Despite the rugged beauty of the surrounding mountains, the town is mired in despair with just about everybody knowing someone who has died from an overdose.
The film follows a simple narrative, relying exclusively on interviews with the poignant and often profane addicts. Despite the lack of any experts in the field of drug addiction or economic/labor issues, the film tells you about all you need to know about why people get hooked on pills.
A dentist who admits to offering far too many Oxycontin prescriptions to his patients after starting his practice refers to “Appalachian Fatalism”. He describes this as a sense of being unable to control one’s fate, understandable in a case where the coal companies buy up the land one has owned for generations. After they have mined all the coal, they leave the miners to fend for themselves. The only way to make a living in towns like Oceana is selling pills nowadays.

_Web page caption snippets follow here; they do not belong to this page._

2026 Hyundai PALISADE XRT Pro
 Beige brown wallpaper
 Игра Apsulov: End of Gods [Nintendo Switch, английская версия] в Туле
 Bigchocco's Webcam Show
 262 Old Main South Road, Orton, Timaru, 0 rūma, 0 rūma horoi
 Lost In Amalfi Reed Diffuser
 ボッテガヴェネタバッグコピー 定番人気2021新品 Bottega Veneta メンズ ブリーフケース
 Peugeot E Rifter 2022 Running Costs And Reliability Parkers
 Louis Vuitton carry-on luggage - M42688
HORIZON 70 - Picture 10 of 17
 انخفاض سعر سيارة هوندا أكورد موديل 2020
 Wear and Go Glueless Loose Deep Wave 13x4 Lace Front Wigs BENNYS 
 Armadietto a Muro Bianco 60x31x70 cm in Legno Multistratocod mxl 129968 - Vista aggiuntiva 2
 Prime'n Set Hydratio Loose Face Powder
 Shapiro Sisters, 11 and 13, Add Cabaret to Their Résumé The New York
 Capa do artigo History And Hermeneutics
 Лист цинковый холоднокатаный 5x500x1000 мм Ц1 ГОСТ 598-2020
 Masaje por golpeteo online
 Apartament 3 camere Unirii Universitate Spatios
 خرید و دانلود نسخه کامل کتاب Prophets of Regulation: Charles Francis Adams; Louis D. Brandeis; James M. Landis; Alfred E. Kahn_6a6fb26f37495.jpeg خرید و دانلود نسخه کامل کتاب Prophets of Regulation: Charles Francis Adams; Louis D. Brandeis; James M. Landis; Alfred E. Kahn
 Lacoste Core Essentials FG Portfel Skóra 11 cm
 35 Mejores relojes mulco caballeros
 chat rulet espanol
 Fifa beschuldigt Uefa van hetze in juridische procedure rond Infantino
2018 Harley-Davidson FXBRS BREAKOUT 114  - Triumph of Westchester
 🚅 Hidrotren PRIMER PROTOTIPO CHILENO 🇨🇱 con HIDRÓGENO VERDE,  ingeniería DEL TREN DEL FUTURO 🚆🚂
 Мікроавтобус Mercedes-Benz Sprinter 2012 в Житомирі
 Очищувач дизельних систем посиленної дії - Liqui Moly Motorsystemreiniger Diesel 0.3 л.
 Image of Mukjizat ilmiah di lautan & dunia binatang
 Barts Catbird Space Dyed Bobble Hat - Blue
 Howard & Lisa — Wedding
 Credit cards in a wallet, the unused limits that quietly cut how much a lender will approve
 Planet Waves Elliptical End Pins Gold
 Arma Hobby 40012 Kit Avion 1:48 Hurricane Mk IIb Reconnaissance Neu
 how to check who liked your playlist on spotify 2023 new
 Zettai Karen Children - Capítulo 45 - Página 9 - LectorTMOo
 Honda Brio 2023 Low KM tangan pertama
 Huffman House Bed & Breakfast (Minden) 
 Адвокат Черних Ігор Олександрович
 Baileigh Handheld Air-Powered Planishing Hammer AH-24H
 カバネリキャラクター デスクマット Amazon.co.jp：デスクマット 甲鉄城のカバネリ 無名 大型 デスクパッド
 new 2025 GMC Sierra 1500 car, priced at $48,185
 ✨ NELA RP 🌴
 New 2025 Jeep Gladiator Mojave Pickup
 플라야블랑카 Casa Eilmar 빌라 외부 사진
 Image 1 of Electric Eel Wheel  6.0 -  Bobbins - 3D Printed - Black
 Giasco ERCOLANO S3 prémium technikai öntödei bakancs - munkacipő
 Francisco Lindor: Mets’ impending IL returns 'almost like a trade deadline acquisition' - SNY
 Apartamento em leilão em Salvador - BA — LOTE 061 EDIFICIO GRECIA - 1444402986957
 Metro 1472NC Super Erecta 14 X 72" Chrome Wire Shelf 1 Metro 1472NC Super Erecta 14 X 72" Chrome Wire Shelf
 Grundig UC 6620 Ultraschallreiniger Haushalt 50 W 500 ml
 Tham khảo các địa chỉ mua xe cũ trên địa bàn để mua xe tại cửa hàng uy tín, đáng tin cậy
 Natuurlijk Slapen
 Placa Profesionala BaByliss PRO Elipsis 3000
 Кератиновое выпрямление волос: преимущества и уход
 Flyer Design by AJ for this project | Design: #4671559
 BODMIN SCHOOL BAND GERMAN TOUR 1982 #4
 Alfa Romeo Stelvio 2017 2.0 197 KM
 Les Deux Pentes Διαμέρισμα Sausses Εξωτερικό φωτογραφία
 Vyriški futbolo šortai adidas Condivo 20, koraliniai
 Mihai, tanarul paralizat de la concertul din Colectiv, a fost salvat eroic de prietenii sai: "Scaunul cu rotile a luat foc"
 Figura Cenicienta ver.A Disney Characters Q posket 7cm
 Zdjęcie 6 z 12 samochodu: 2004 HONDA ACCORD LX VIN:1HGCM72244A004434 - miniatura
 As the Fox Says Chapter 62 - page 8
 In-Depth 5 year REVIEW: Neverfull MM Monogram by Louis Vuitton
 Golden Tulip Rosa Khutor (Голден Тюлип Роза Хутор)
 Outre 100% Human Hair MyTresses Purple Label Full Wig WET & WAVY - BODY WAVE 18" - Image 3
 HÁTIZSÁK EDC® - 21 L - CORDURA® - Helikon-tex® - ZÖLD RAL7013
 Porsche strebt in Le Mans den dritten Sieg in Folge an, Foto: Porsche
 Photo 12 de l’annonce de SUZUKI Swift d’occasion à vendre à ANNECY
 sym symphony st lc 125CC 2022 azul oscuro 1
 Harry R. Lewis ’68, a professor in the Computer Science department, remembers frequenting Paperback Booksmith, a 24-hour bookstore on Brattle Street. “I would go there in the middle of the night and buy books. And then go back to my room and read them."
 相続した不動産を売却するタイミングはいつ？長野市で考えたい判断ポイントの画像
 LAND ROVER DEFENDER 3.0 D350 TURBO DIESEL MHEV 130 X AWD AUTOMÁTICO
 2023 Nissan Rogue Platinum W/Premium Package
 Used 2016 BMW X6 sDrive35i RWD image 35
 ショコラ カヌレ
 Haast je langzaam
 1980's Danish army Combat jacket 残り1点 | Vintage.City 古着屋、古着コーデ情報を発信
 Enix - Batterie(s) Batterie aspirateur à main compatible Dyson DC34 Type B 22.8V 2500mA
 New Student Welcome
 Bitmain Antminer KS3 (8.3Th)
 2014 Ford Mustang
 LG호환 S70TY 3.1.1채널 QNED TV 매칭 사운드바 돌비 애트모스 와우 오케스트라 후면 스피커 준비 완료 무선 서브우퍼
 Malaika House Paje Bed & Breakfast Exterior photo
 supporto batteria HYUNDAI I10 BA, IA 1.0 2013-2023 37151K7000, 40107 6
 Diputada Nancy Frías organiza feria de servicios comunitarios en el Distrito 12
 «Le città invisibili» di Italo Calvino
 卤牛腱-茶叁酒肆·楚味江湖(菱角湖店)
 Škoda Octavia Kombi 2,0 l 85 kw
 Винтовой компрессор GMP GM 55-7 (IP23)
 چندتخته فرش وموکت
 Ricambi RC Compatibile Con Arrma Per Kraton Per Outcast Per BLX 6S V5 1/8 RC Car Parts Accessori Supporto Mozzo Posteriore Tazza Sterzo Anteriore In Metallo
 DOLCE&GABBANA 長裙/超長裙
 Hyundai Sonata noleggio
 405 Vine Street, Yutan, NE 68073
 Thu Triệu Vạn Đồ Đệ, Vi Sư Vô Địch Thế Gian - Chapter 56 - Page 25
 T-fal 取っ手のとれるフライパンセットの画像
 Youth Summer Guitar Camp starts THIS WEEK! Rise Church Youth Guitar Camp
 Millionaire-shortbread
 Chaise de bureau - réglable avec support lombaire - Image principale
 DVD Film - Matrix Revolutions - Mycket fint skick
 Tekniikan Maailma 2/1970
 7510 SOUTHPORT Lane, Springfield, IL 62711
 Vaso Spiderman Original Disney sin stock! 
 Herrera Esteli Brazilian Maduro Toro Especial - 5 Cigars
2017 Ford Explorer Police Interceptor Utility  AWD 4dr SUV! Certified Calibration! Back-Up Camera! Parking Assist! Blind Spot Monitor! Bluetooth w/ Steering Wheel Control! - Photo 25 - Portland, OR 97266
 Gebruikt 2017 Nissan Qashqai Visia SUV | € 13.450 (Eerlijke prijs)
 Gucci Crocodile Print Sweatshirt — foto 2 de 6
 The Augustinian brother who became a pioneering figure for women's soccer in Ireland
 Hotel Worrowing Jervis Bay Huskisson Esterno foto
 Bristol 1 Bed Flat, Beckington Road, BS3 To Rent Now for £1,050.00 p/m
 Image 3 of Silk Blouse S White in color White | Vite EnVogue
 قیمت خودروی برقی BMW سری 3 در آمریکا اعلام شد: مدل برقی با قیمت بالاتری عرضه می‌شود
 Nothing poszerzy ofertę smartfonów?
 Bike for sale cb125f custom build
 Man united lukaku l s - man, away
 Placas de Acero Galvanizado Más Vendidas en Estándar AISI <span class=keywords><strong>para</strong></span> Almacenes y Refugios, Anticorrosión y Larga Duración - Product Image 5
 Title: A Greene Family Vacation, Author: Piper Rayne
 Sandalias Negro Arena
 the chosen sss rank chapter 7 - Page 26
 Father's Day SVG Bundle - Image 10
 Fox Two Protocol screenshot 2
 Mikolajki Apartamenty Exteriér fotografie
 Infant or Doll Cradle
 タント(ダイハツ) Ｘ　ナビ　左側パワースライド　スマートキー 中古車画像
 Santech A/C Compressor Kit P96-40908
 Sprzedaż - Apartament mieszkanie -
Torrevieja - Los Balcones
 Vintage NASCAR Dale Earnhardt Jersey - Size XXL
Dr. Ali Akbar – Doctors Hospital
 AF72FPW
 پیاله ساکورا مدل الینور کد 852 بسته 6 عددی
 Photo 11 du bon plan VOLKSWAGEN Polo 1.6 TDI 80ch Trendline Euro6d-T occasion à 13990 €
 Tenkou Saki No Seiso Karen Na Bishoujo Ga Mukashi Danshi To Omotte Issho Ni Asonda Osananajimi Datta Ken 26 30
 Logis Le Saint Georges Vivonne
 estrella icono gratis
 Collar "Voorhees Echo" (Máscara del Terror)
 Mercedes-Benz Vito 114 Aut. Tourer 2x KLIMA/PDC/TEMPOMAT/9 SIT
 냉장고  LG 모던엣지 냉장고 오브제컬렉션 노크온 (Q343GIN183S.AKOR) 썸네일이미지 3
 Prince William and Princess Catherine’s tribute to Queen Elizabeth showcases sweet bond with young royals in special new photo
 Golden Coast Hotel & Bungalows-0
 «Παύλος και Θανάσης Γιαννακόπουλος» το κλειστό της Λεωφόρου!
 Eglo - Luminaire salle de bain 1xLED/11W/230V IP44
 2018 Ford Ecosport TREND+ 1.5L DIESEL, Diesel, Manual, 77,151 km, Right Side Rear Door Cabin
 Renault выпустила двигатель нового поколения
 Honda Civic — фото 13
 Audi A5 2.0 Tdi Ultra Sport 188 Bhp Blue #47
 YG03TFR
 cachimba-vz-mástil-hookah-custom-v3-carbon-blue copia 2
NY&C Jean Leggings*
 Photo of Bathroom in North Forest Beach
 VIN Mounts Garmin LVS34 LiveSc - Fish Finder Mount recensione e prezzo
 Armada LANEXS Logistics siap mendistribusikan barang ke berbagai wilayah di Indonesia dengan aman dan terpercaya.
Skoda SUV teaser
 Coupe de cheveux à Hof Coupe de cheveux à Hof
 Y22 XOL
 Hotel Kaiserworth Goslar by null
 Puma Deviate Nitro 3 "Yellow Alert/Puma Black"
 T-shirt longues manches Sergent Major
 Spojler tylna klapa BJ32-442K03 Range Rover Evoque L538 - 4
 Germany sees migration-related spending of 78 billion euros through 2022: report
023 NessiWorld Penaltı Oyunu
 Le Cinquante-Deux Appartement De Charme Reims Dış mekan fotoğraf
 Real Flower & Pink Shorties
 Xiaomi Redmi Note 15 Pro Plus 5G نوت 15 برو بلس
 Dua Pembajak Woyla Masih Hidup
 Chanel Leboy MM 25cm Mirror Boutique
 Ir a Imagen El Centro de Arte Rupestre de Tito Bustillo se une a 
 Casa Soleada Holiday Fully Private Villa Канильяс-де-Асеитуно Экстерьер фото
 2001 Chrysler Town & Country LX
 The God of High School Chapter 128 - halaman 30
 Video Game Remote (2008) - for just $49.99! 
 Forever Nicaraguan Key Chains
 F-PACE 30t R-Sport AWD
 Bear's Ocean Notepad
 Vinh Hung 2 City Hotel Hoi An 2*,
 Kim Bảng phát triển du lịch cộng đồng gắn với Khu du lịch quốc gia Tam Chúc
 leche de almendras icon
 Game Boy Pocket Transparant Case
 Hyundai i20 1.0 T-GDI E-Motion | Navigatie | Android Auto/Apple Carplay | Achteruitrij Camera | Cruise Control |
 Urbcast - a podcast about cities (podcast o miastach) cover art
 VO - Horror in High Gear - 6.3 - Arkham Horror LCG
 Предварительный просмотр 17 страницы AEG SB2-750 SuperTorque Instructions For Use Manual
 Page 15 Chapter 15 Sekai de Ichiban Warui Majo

While I understand the need for this powerful documentary to focus on those who have become addicted, I could not help but think about the role of politicians and trade union bureaucrats in making such a hell possible. Democrats and Republicans alike give the nod to mountaintop removal and tax evasion, while the bureaucrats cut deals with the bosses to eliminate jobs in the chase after profits.
First shown at the Tribeca Film Festival in 2013, “Oxyana” can be watched from the film’s official website (http://www.oxyana.com) for only $3.99. You can also buy a DVD for $19.99.
Finally there is “The Women Workers’ War”, a 55-minute documentary about a 550-day occupation of Tacconi Sud, a factory that turns out tents for the Italian military. The owners have just fired its all female work force as the first step in a sale to new owners. The women decide to occupy the plant in order to force bankruptcy proceedings in court. A judgment that it is bankrupt would make them eligible for severance. Without giving away too much, I can say that they emerge victorious. The publicist asked me to inform others about the film, which also showed at the 2013 Tribeca Film Festival earlier in the year, even if there are no plans afoot to screen it again. The more that people hear about this modest jewel of a film, the more likely it is that it will be screened again.